Sculptor's Muse: Research


Tracy sketching sculptures at the Met in NYC

What goes hand in hand with being a figurative sculptor? A passion for research and history! Before I begin any sculpture or commission, I find myself researching...something. At times I start by pulling books from my personal library - a collection of art and art history books that I have gathered over the years - half are out of print and are probably considered a 'valuable find' in antique stores. These books have written notations in them (I always use pencil) and sticky notes of various colors sticking out from the top and sides of the pages. Even during moments in the studio when I sit taking a quick coffee break - I will reach for one of these books to peruse, keeping in front of my mind - good sculpture and good compositions. I also have books on philosophy, among my favorites "Great Works of Art and what makes them great" written by sculptor F. W. Ruckstull, a complete set of works by Hans R. Rookmaaker and a recent favorite "The Arts and the Christian Imagination" by Clyde S. Kilby.

In addition to my library, I have a collection of sketch books from various exhibits, museums and sculpture gardens in the USA and Europe. I refer to these sketches time and again, reading my notes scrawled on the side of the pages and going over the sketches.

sketch from an exhibit of Bernini's sculptures

Another valuable part of my research, is three ring binders filled with photographs, sketches and measurements of sculptures - especially over life-size monuments. When we lived in Mississippi, the Vicksburg military park was one of my favorite places to go. Some of my favorite sculptor's works are there, and it's not as well known as Gettysburg, so having the 'park to myself' was more of an option.
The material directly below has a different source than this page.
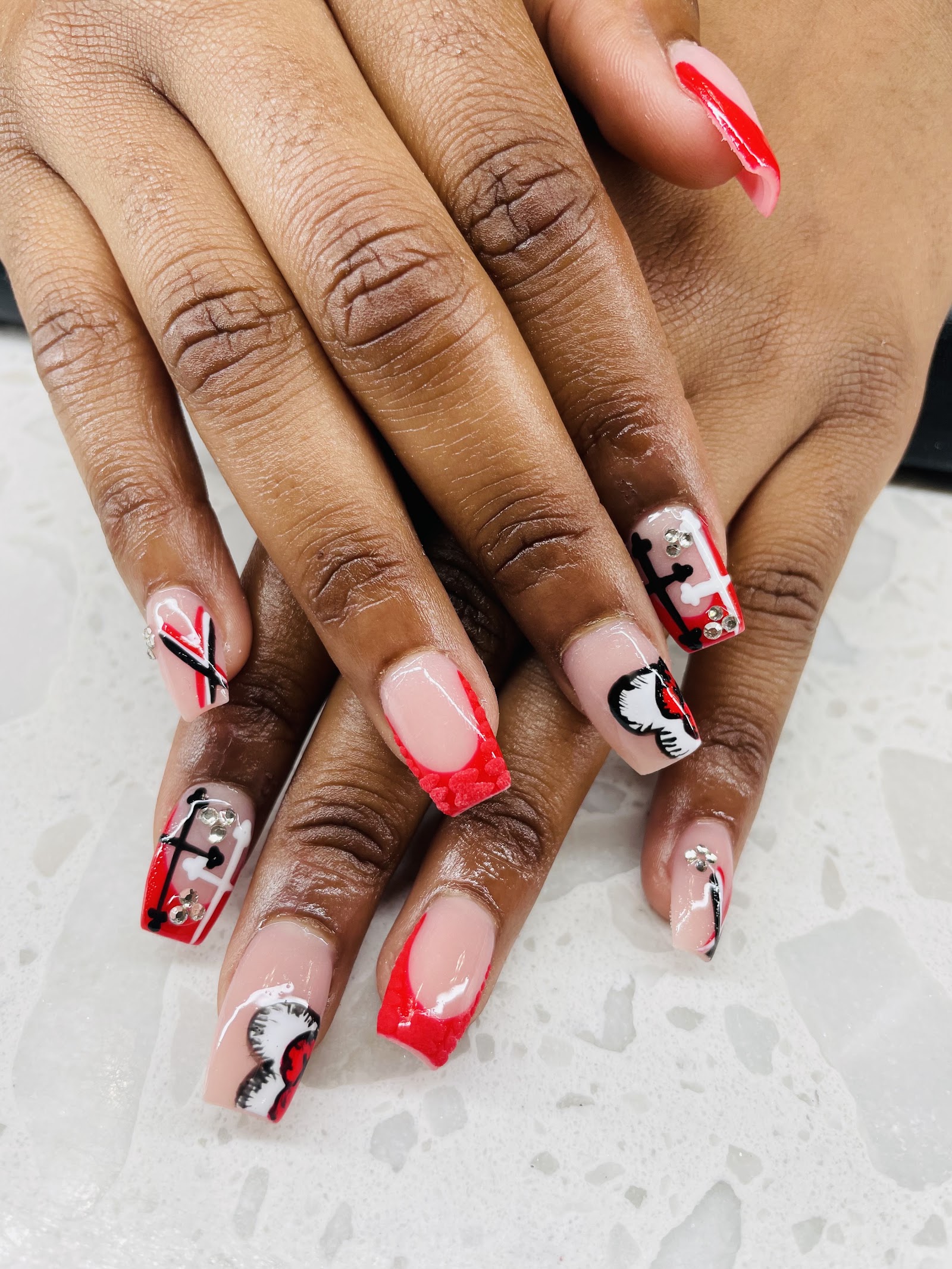 A Nail Studio nail photo 2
Quick sketches that take just a few minutes are referred to as "gestures" and these are what fill most of my sketch books.

Quick sketches that take just a few minutes are referred to as "gestures" and these are what fill most of my sketch books.
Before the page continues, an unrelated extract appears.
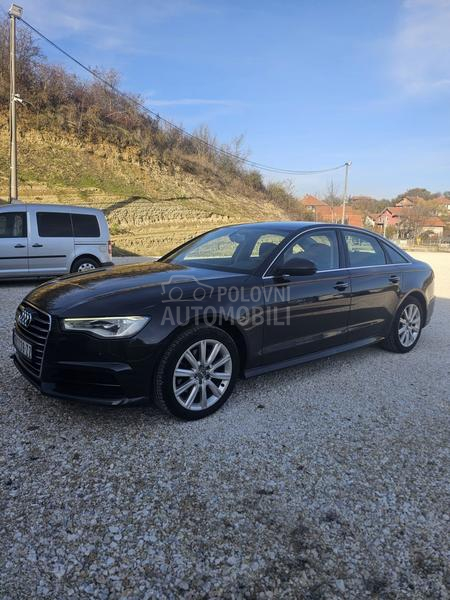 Audi A6 2.0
Having a strong son is always helpful.  Taking research photos it is always best to be as close to 'eye level' with the figures as possible to avoid subtle distortion.  The extra few feet in height is better than nothing!

Having a strong son is always helpful. Taking research photos it is always best to be as close to 'eye level' with the figures as possible to avoid subtle distortion. The extra few feet in height are better than nothing!

Then there is the research for information. Though the internet is convenient, you have to be very careful as the information found cannot truly be verified. So, in addition to my research via the internet, I also conduct the tried and true method of libraries and archives, making copious notes and copies for my records.

Tracy researching the archives at the USMA West Point for her research on the scultpure of Gen. Kosciuszko

It is safe to say - that for every minute I spend sculpting, there is another minute that has been spent in research of some kind, and it is those moments spent that germinate and blossom into the depth of beauty found in my work.